_WHAT THE TASK ASKS_: From the line containing "Dama Gazelle Exhibit - The Stairmaster!" through the last line of the data, both ends included, write out every line exactly; omit the pictures.

#####

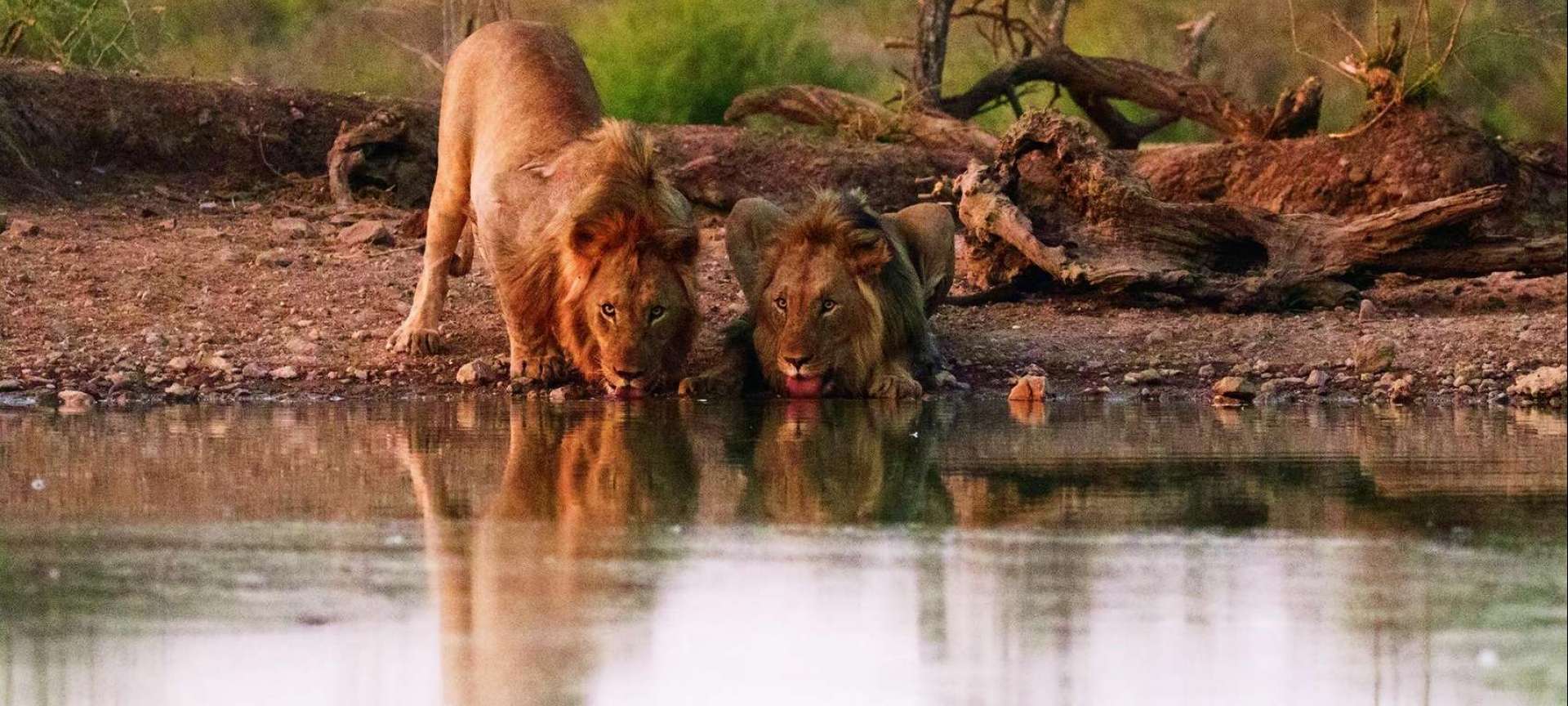 Madikwe Game Reserve - Africa Wildlife Safaris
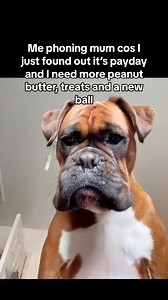 Trunks the Boxer on Reels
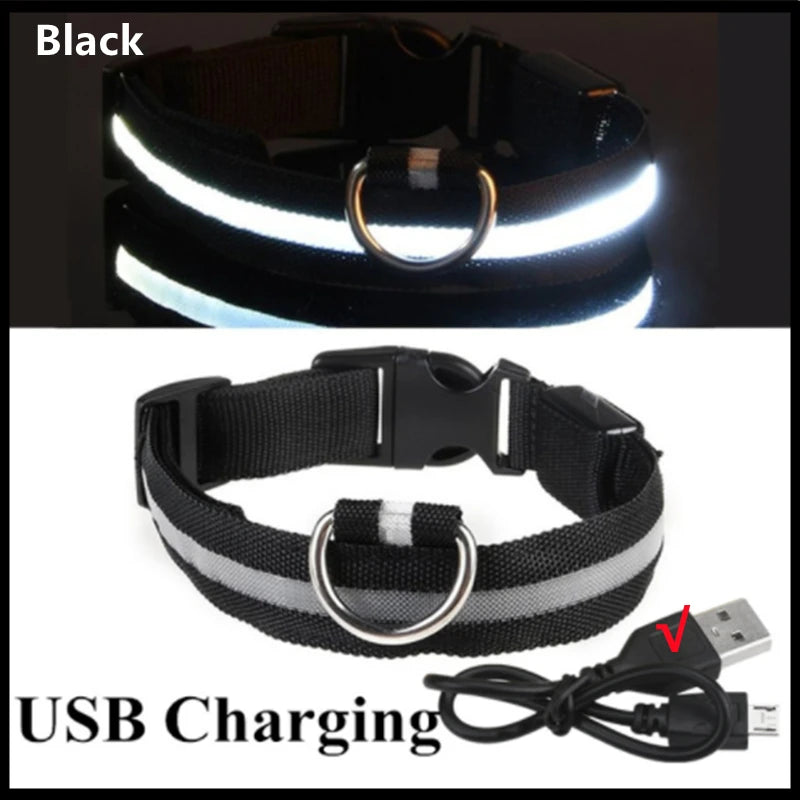 LED-Halsband für Hunde & Katzen – Maximale Sichtbarkeit bei Nacht! USB-aufladbar (bis 10h), 3 Leuchtmodi, verstellbar und wetterfest. Aus robustem Nylon, ideal für Spaziergänge und zur Sicherheit deines Haustiers. Jetzt bestellen!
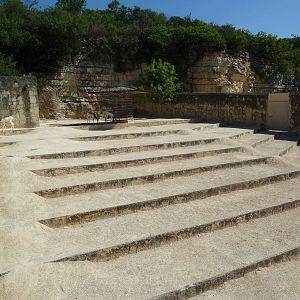 Dama Gazelle Exhibit - The Stairmaster!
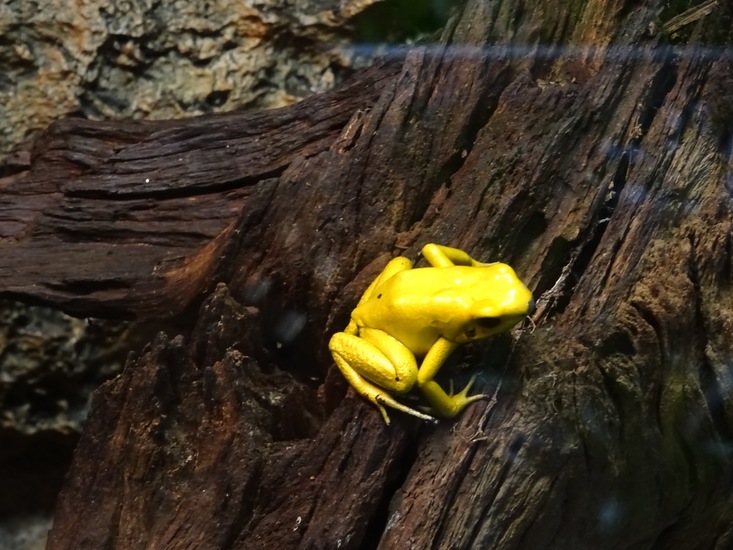 Gouden Pijlgifkikker.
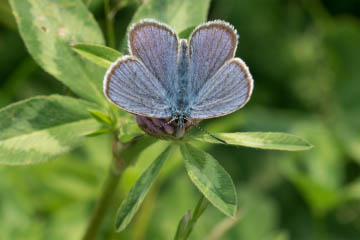 Rotklee-Bläuling (Cyaniris semiargus) bei Röttgen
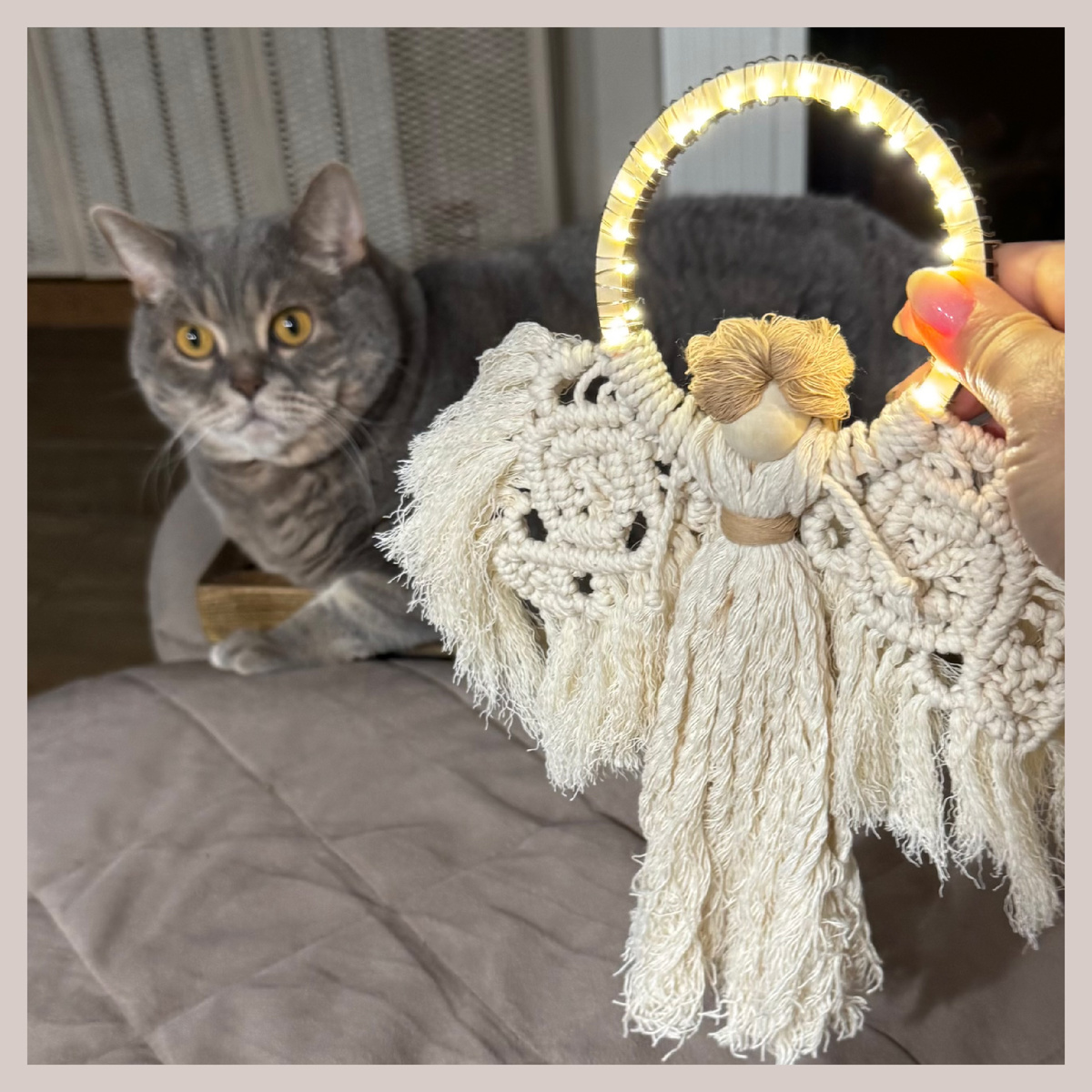 Нафига мне это надо?😸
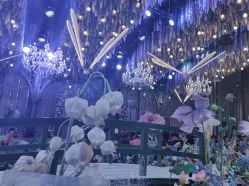 -花嫁丽舍婚礼殿堂(世博江景店)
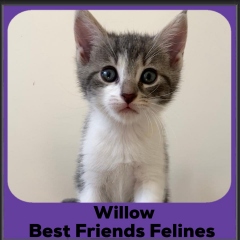 2024-Willow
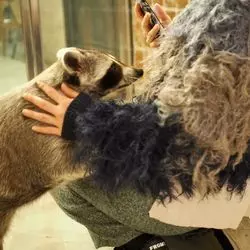 今度はアライグマ！？海外ならではの新しい動物カフェ♡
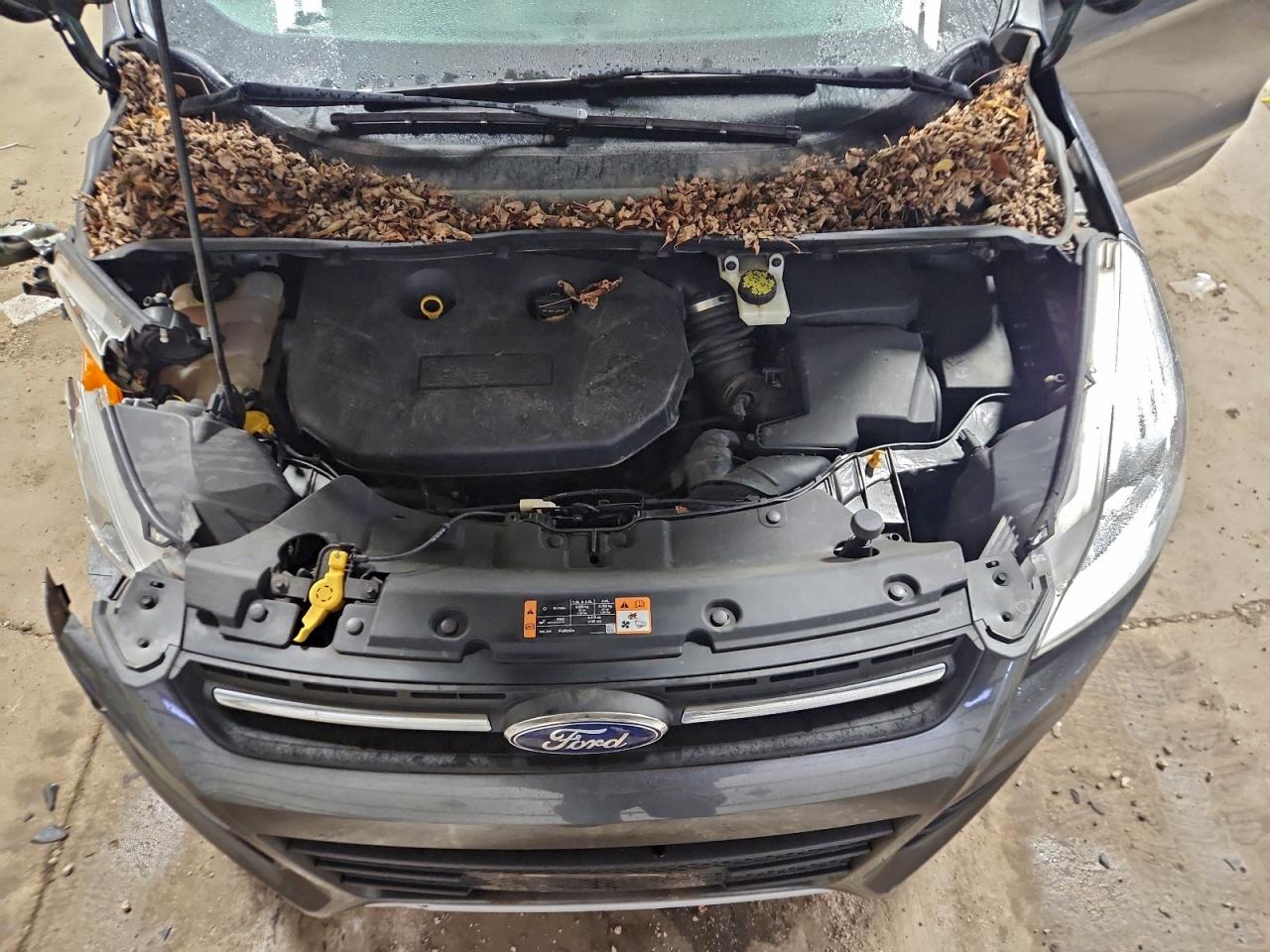 2015 FORD ESCAPE SE photo 12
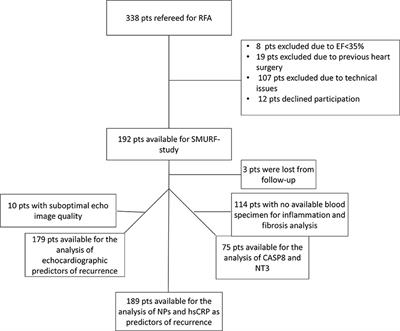 Echocardiographic and Biochemical Factors Predicting Arrhythmia Recurrence After Catheter Ablation of Atrial Fibrillation—An Observational Study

#####

_SOLUTION TO THIS EXERCISE_:
 Dama Gazelle Exhibit - The Stairmaster!
 Gouden Pijlgifkikker.
 Rotklee-Bläuling (Cyaniris semiargus) bei Röttgen
 Нафига мне это надо?😸
 -花嫁丽舍婚礼殿堂(世博江景店)
 2024-Willow
 今度はアライグマ！？海外ならではの新しい動物カフェ♡
 2015 FORD ESCAPE SE photo 12
 Echocardiographic and Biochemical Factors Predicting Arrhythmia Recurrence After Catheter Ablation of Atrial Fibrillation—An Observational Study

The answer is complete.